After a post falls vacant for any
reason whatsoever, a promotion to
that post should be from the date
the promotion is granted and not
from the date on which such post
falls vacant. In created,
promotions to those posts can be
granted only after the Assessment
Board has met and made its
recommendations for promotions
being granted. If on the contrary,
promotions are directed to become
effective from the date of the
creation of additional posts, then
it would have the effect of giving
promotions even before the
Assessment Board has met and
assessed the suitability of the
candidates for promotion. In the
circumstances, it is difficult to
sustain the judgment of the
Tribunal.

It is regrettable because of the inaction on the part
of the High Court that recruitment from bar could not be
made in time which created an imbalance in the service and
ultimately it were the appellant and officers similarly
placed who suffered. After having put in long years of
service it is the seniority and promotion which an officer
looks forward to. He expects he is given due promotion in
time. Non promotion may be an incidence of any service. But
here the appellant has been deprived of his promotion
without any fault of his. High Court said that it might be
sad state of affairs that the name of the appellant was not
considered for promotion till he retired. High Court may
feel anguish but it gives no comfort to the appellant. At
least for future such an unfortunate thing should not happen
to any other officer similarly situated. This malaise which
abysmally afflicts any service when there is recruitment
from different sources when there is recruitment from
different sources crops up in the one form or the other with
great disadvantage of one or the other. But then service is
not constituted merely for the benefit of the officers in
the service but with a certain purpose in view and in the
present case for dispensing justice to the public at large.

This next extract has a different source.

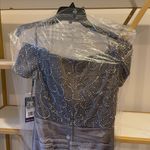 La Femme COPY - Off the Shoulder Beaded Satin Trumpet Gown Photo 5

it is not at all advisable to keep any post in judiciary
vacant for days when the courts are burdened with arrears
and litigants are the ones who suffer. We expect the High
Courts to be vigilant and to fill up the posts in direct
quota in time and if the bar quota cannot be filled for any
reason fro no fault of the promotee officers their case for
promotion should not be kept pending till some of them even
superannuate. When the process for recruitment from Bar
begins and it is expected that posts for direct quota will
be filled up soon, during the intervening period the
officers in the subordinate service can be given ad hoc
promotions without their right to claim seniority over
direct recruits, who may join later. Functioning of the
courts must not stop.

With these observations we would dismiss the appeal and
leave the parties to bear their won costs.